Taqueria Tastiness 

This big, purple building pumps out great yet inexpensive Mexican food

If you can't find Taqueria Juanitos, you'd better turn in your driver's license.

The building sits squarely along busy Grant Road and is painted a deep purple. (I'd love to make a reference to the band Deep Purple here, but I can't come up with anything that wouldn't sound like an insult to both the band and the restaurant.) Anyhow, you can see the building for blocks. The paint job was done, no doubt, to attract attention. And it apparently has, if the long line at lunch is any indication.

Suits, young couples with kids, old couples without kids, construction workers and office workers all lined up to order at the counter. The menu, with brightly colored pictures of the food, hangs above the counter, and three to four women work in a rather large kitchen.

The interior is also painted in shades of purple, with a huge mural of an Aztec hero, a shaman and a beautiful maiden; there's also a variety of framed artwork all over the place. The place virtually screams Mexican kitsch.

But is the food any good? In a word, yes.

Our lunches consisted of the No. 1 combo plate (carne asada, beans and rice, $6.50), the No. 6 carnitas taco combo ($4.75) and a ceviche tostada ($2.85). For breakfast, we had a breakfast burro filled with bacon, eggs and rice—we opted out of the beans that come with all breakfast burros ($4.25)—and huevos rancheros ($3.85).

The carnitas tacos are served street-style: Two soft corn tortillas are wrapped around shredded pork. The meat was tender and moist, but a little bland. A bit of the house green salsa—and a bit of the red, for good measure—added just what was needed.
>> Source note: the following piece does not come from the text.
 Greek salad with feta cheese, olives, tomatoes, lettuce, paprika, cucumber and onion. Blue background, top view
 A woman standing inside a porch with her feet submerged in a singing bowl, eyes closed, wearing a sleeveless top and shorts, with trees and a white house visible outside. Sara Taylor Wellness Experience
However, the carne asada was perfect, with crispy edges and an undertone of marinade and seasonings. The plate was pretty, with avocado slices, circles of sliced jalapeños, a bit of radish, lettuce, refried beans and rice.

The menu says that the restaurant doesn't use lard or fat, but the beans were still delicious. The texture was perfect, and the flavor of beans stood out. The rice was adequate.
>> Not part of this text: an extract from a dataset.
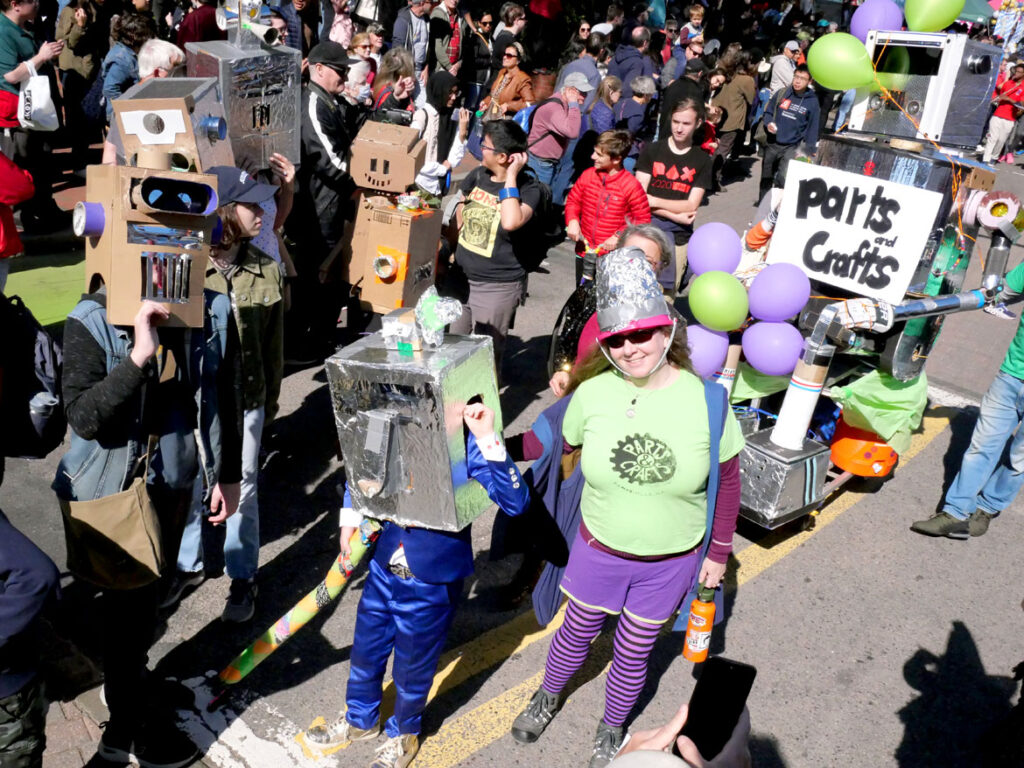 Parts and Crafts, the Somerville maker space, marches in the Honk parade from Somerville's Davis Square to Cambridge's Harvard Square, Sunday, Oct 9, 2022 (©Greg Cook photo)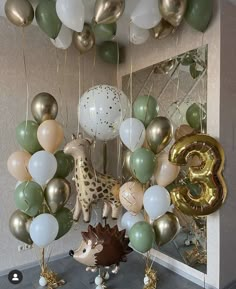 a room filled with lots of balloons and animals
The ceviche tostada was topped with a huge portion of citrusy mixed fish and slices of avocado. Baby shrimp, a white fish and surimi (imitation crab) had been chopped into fine pieces. It certainly would satisfy a craving for ceviche. My only complaint with the dish involved the fake crab: Yes, it added color and helped with the texture, but this really shouldn't be considered ceviche, because fake crab comes already prepared.

The breakfast burro was good, but we decided that we prefer potatoes over rice. There was nothing really special about the burro, but the fillings were nicely prepared and made the burro work.
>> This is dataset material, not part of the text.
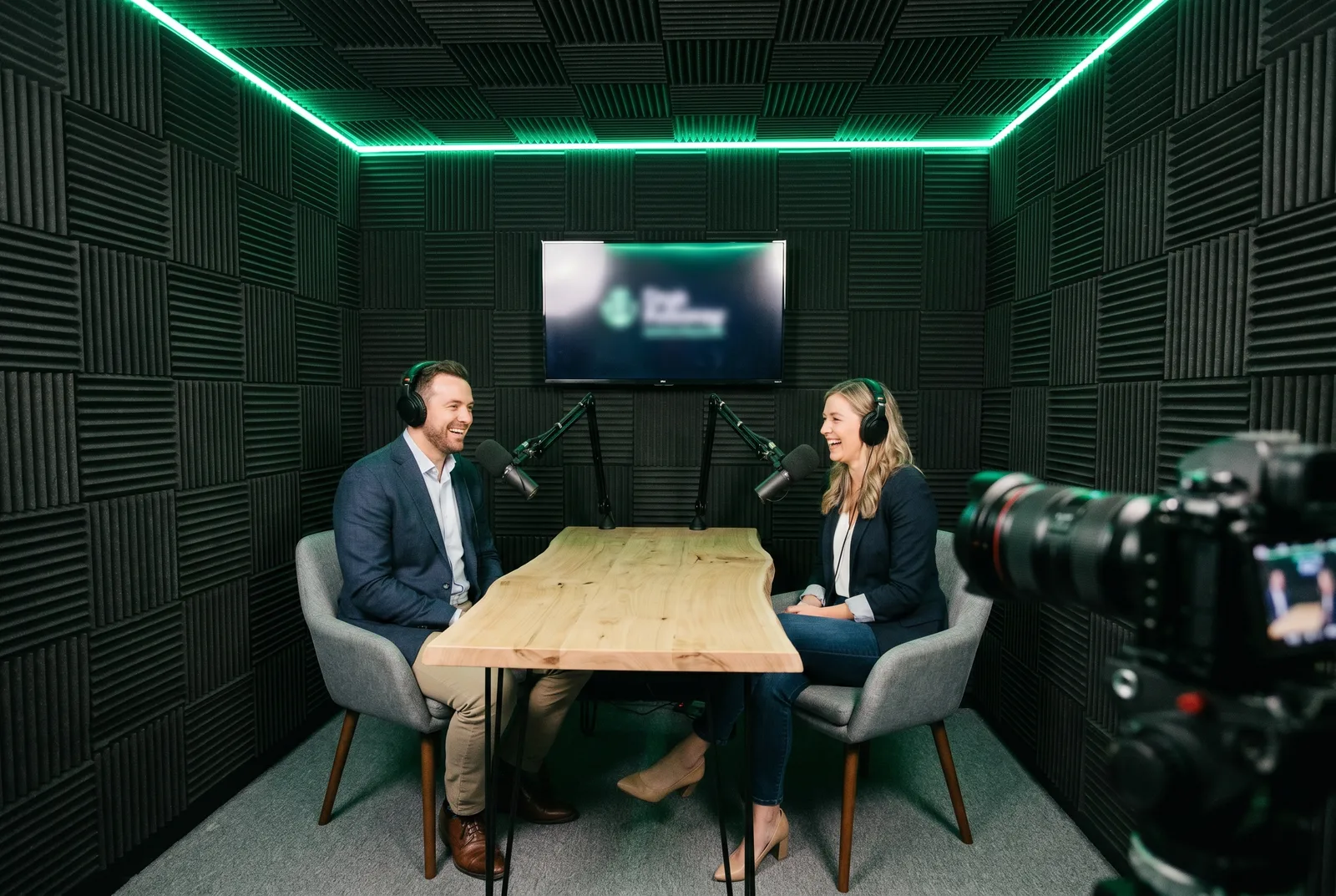 Two people recording a podcast interview across the studio table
The huevos rancheros plate was very pretty, with many of the same garnishes that were on the combo plates. Every time I've had this dish lately, the beans have been served on the side; Taqueria Juanitos did that, too. I prefer to have the beans schmeared on the tostada, followed by the egg, the salsa and whatever else. In any case, the eggs were prepared just right—a little bit oozy, but cooked through. Too bad for me that I had to do a little work to get all the elements together in one bite.

The service was excellent on both visits. For example, when we asked for a cup of coffee, the woman at the counter went out of her way to make a fresh pot.

There's no denying that Tucson has its fair share of taquerias—some not so good, some good, and some really good. Taqueria Juanitos fits somewhere between good and really good; I'll be back.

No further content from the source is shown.